*** DATASET SECTION

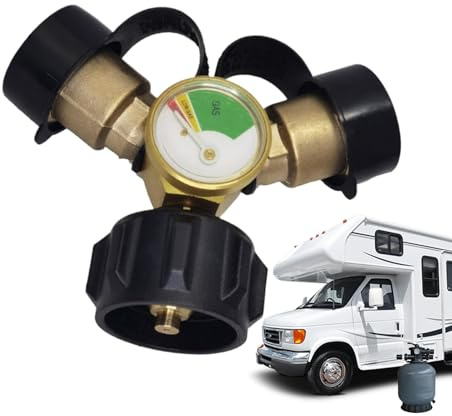 Sionhiuo Diviseur Y pour Propane - Raccord QCC Double Voie pour Bouteilles de Gaz Propane,Robinet d'Arrêt en Laiton Étanche Accessoires de Réchauds Portables pour Intérieur Extérieur et Camping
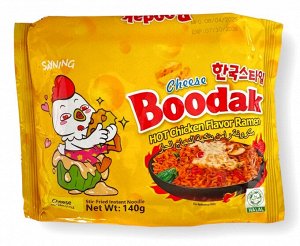 Лапша Boodak со вкусом острой курицы «Сырная», 140гр.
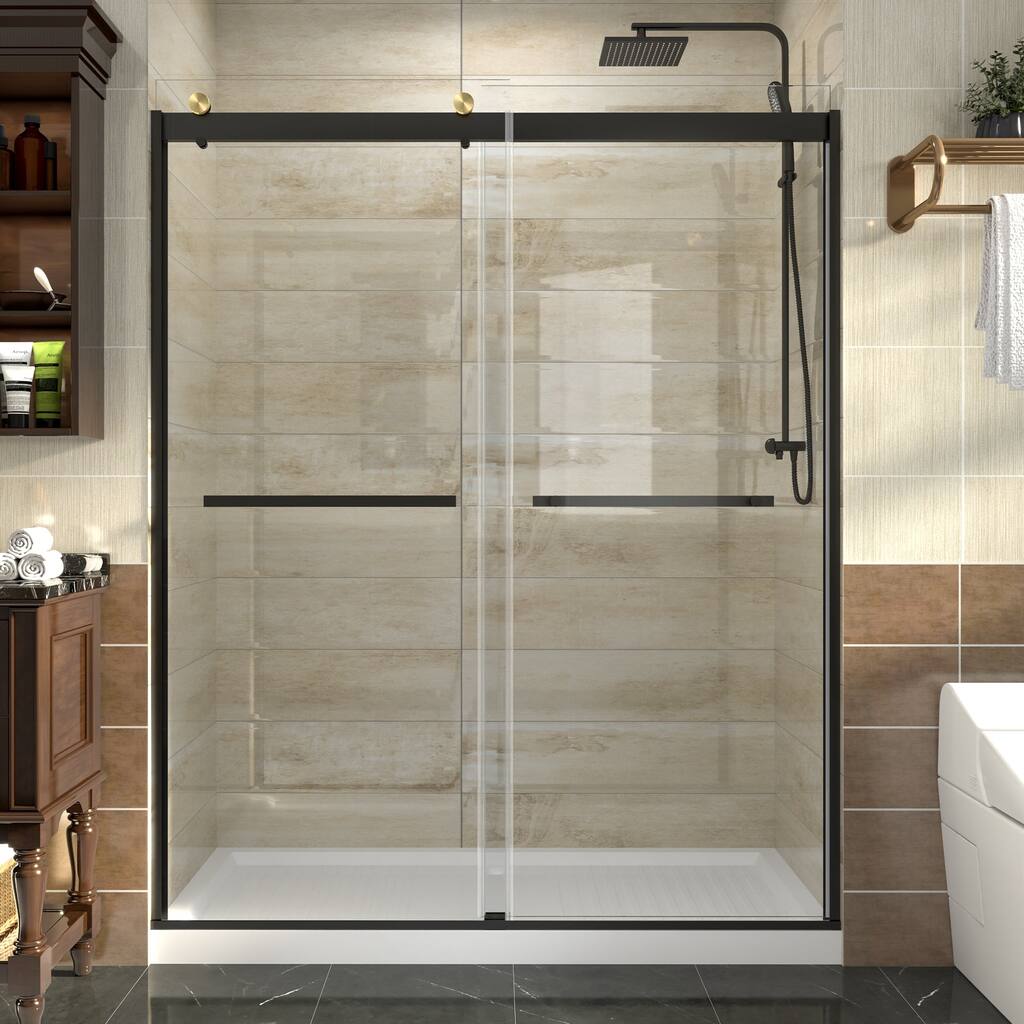 60 in. W x 74 in. H Single Sliding Semi-Frameless Shower Door in Matte Black Finish with Clear Tempered Glass - 60" x 74"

******

▶ [ABOUT THIS TASK]
Give the data again exactly as it appears, but without any images.

▶ [RESULT OF THIS EXERCISE]
 Sionhiuo Diviseur Y pour Propane - Raccord QCC Double Voie pour Bouteilles de Gaz Propane,Robinet d'Arrêt en Laiton Étanche Accessoires de Réchauds Portables pour Intérieur Extérieur et Camping
 Лапша Boodak со вкусом острой курицы «Сырная», 140гр.
 60 in. W x 74 in. H Single Sliding Semi-Frameless Shower Door in Matte Black Finish with Clear Tempered Glass - 60" x 74"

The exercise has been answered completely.